О книге Татьяны Толстой об Александре Тимофеевском «Истребление персиян»
Александр Тимофеевский умер три года назад. Тогда вовсю бушевала пандемия, заставившая всех, кто не болел или был болен не слишком тяжело, сидеть по домам в изоляции, уткнувшись в свои компы и айфоны. И похоже, идея этой книги возникла у Татьяны Толстой именно тогда. Тут и диалоги, и несколько эссе, и домашний фотоальбом, и даже генеалогическое древо главного героя. А на обложке картина художника Николы Самонова, которая так страшно и мощно совпадала с самим названием — «Истребление персиян».
Получилась довольно затейливая конструкция. Конечно, это прежде всего оммаж другу. Но не только! Скорее, прощание с эпохой, в которой мы все жили и где Шура (позволю себе так его называть по праву давнего знакомства и дружбы) был одной из ключевых, сюжетообразующих фигур.
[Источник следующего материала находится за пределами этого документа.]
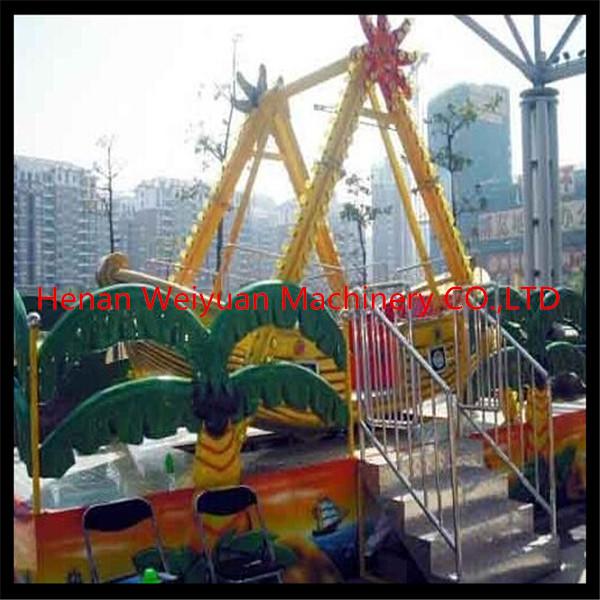 Top Manufacturer Amusement Rides Mini Pirate Ship/Viking Ship 12 Seats Electric Kiddie Rides Pirate Boat For Sale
Как-то так получилось, что все нити вели к нему, все отношения выстраивались с его подачи или по его подсказке, все самые интересные медиапроекты затевались при его участии или благословении.
Притом что он никогда не лез в кадр, никогда не рвался в начальники. Терпеть не мог никакой публичности, предпочитая роль серого кардинала. Человек за кадром, комментирующий, размышляющий, составляющий свои тайные рецензии и служебные записки. Кому он их писал? И для чего именно? Бог весть! Он не любил об этом распространяться и в эти подробности не спешил посвящать. Каюсь, и я сам не очень-то интересовался.
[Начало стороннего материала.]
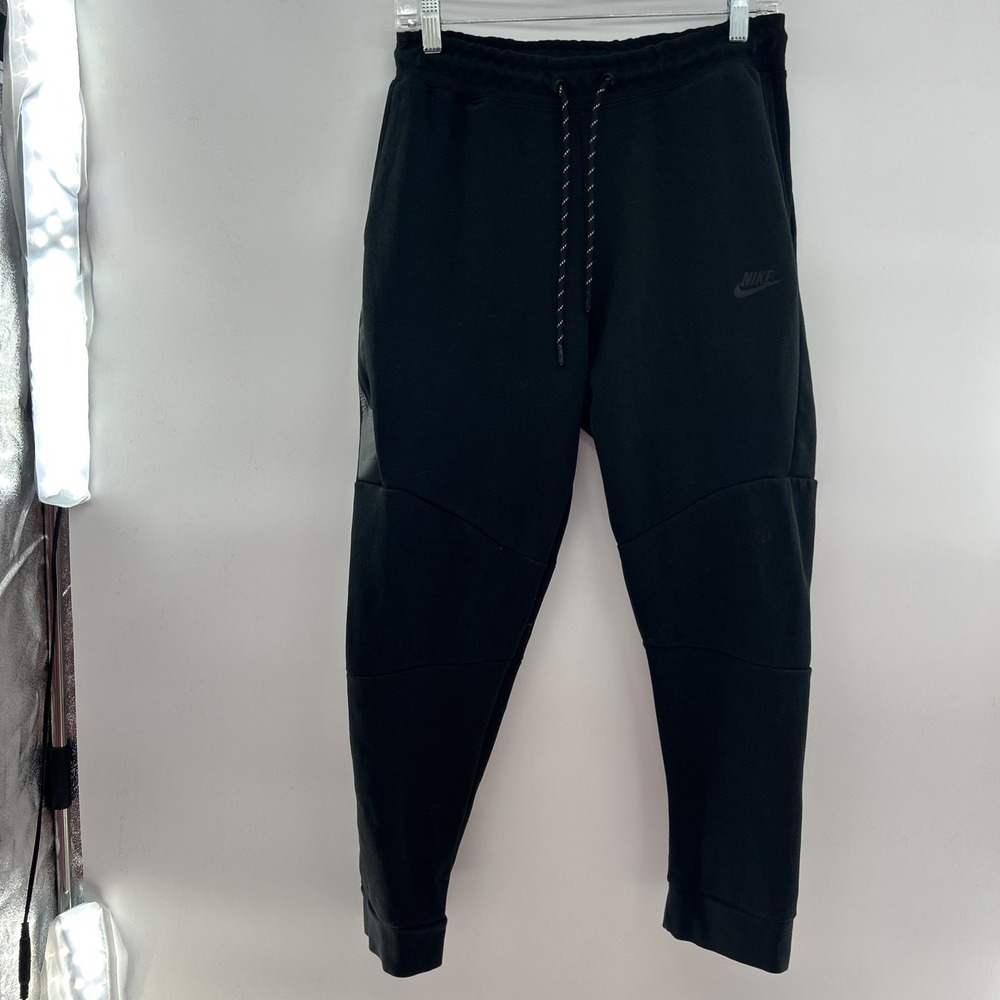 Nike Sportswear Tech Fleece Joggers Sweat Pants Jogger Black 2018  XL 805163-010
«Есть многое на свете, друг Гораций, что и не снилось нашим мудрецам». Практически с этой цитаты из «Гамлета» начинается мемуарный очерк Татьяны Толстой. Правда, произносит ее не Шура, а Вася, знаменитый Андрей Васильев, еще одна легенда отечественной журналистики, с которым меня тоже сводила судьба в те же самые 80-е годы. Но в тот самый момент, когда эти шекспировские слова прозвучали, Шура стоял рядом в предбаннике «Московских новостей». И загадочно улыбался. Принц в черной водолазке.
Все они так или иначе промелькнут на этих страницах, герои былых и нынешних времен. И покойная питерская писательница, гроза арт-хауса и нового театра Татьяна Москвина, и ее нестареющий муж Сергей Шолохов, и создатель «Столицы» Андрей Мальгин, и гений «Афиши» Юрий Сапрыкин, и звезда «Огонька» Алла Боссарт… Перечислять можно долго, компания получилась довольно пестрая. Причем не факт, что соседство друг с другом на одних и тех же страницах их сильно обрадует.
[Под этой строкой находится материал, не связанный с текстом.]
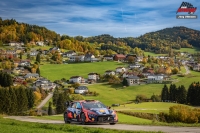 Thierry Neuville - Martijn Wydaeghe (Hyundai i20 N Rally1 Hybrid) - Central European Rally 2023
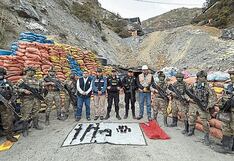 Pataz: Minería ilegal perdió 190 millones de soles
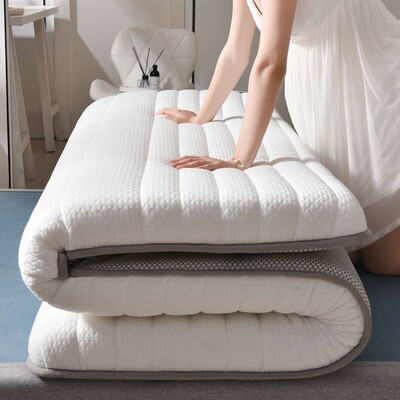 10cm Memory foam mattress pad tatami bed sponge 1.5m1.8m床垫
Но в таких случаях не полагается отказываться. Да и дело вполне богоугодное. Это как выступить на поминках или панихиде. Если уж пришел, вставай в траурную очередь, надевай черную креповую повязку, скажи прощальное слово. И неважно, кто маячит за тобой в почетном карауле. Тем более что из-за проклятого ковида попрощаться с Шурой почти никому из нас не удалось.
По свидетельству очевидцев, в церкви, где его отпевали, было всего-то пять-шесть человек самых близких. Храм усадьбы князей Трубецких. Ампир, ХIХ век. Все как он любил. А поначалу, говорят, что и отпевать не хотели. В этом посмертном одиночестве в полупустом храме мне видится тоже режиссура его судьбы. Ну не хотел Шура этого ничего. Ни любопытствующих, ни скорбящих, ни пышных процессий, ни привилегированного кладбища со знаменитостями по соседству.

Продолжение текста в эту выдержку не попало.